↓
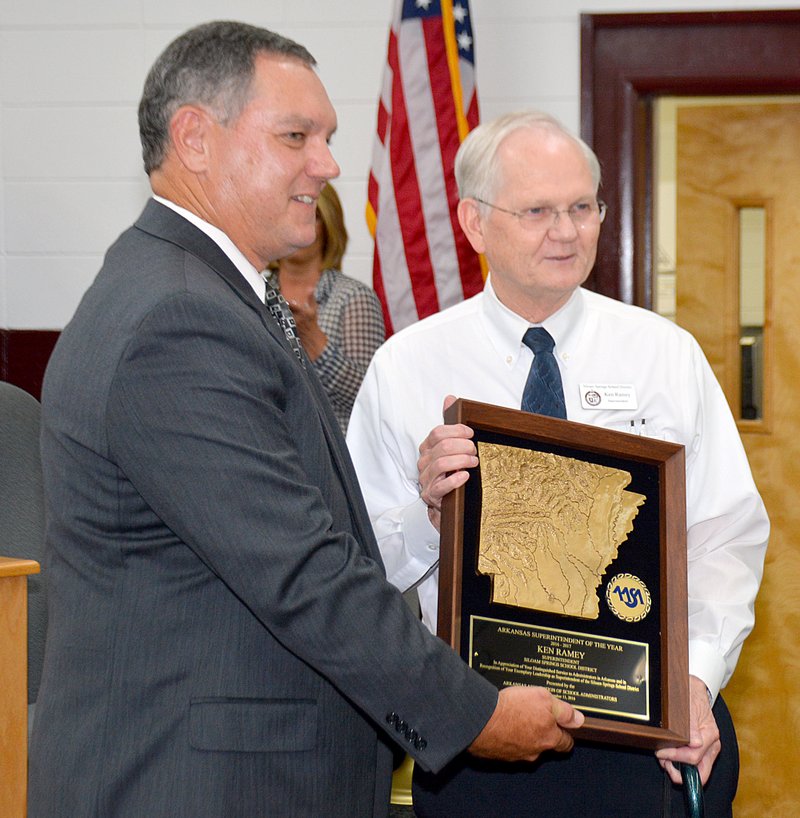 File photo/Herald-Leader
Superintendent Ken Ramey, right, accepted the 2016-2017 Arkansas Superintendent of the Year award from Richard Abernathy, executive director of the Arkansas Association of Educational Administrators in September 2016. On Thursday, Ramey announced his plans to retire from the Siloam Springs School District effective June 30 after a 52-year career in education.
↑
↓
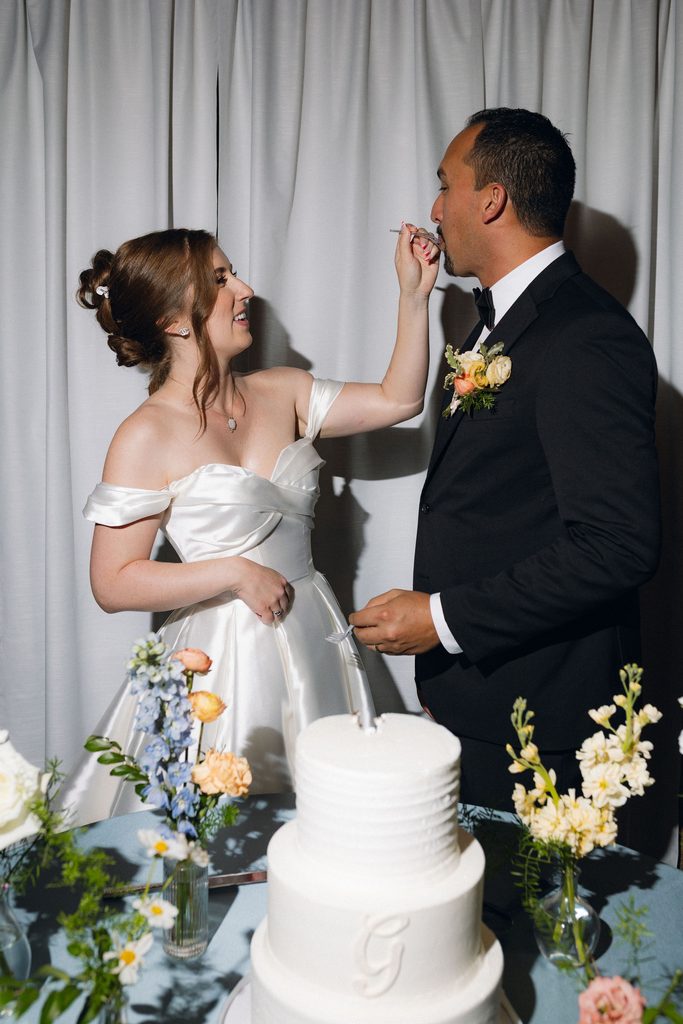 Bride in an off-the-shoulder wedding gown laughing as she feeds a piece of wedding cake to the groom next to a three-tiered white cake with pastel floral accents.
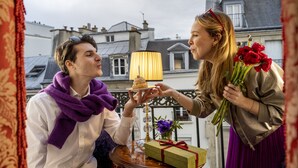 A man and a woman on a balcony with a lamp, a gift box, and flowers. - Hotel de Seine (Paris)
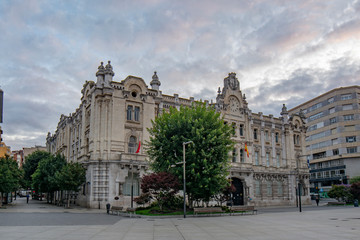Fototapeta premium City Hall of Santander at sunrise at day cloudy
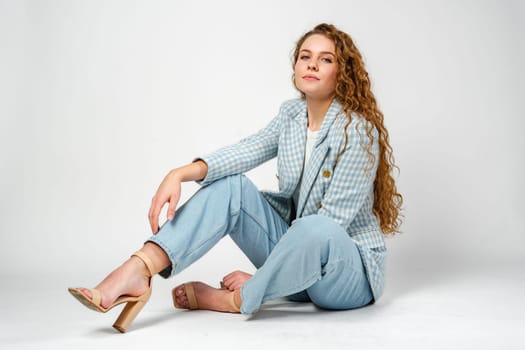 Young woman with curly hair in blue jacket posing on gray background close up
↑
↓
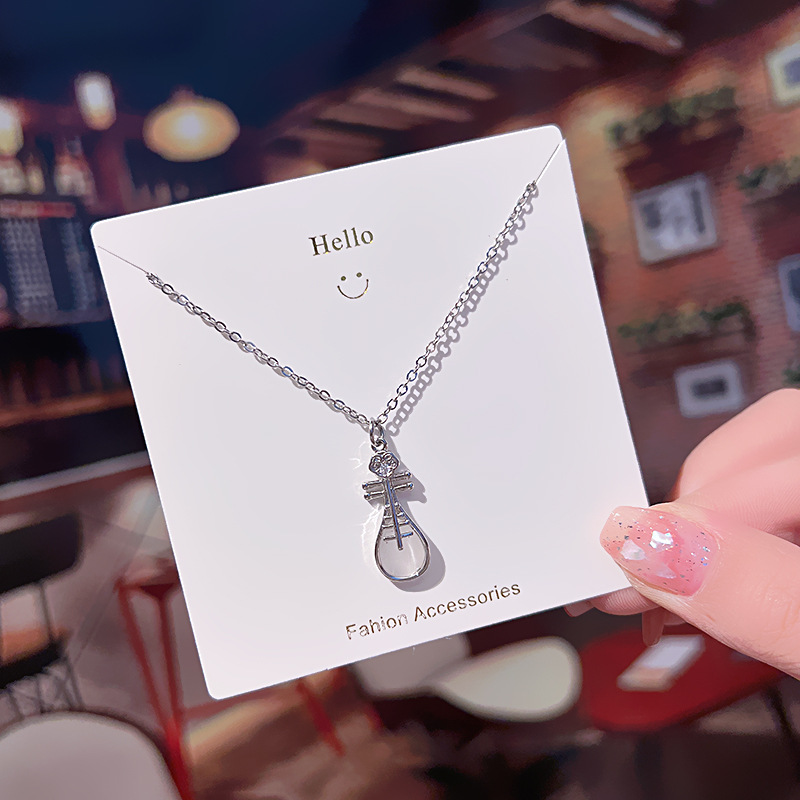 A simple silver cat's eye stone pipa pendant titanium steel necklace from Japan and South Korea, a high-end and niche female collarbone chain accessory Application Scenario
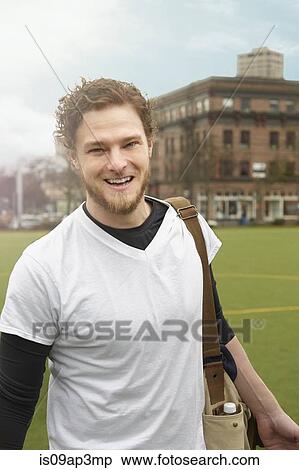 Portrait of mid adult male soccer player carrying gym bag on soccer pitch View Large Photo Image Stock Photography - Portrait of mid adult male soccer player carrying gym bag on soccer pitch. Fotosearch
↑
Above are the records; please give again, exactly and in full, only the lines that run from the line with "Fototapeta premium City" through the line with "Young woman with", with no pictures.

*Response area:*
Fototapeta premium City Hall of Santander at sunrise at day cloudy
 Young woman with curly hair in blue jacket posing on gray background close up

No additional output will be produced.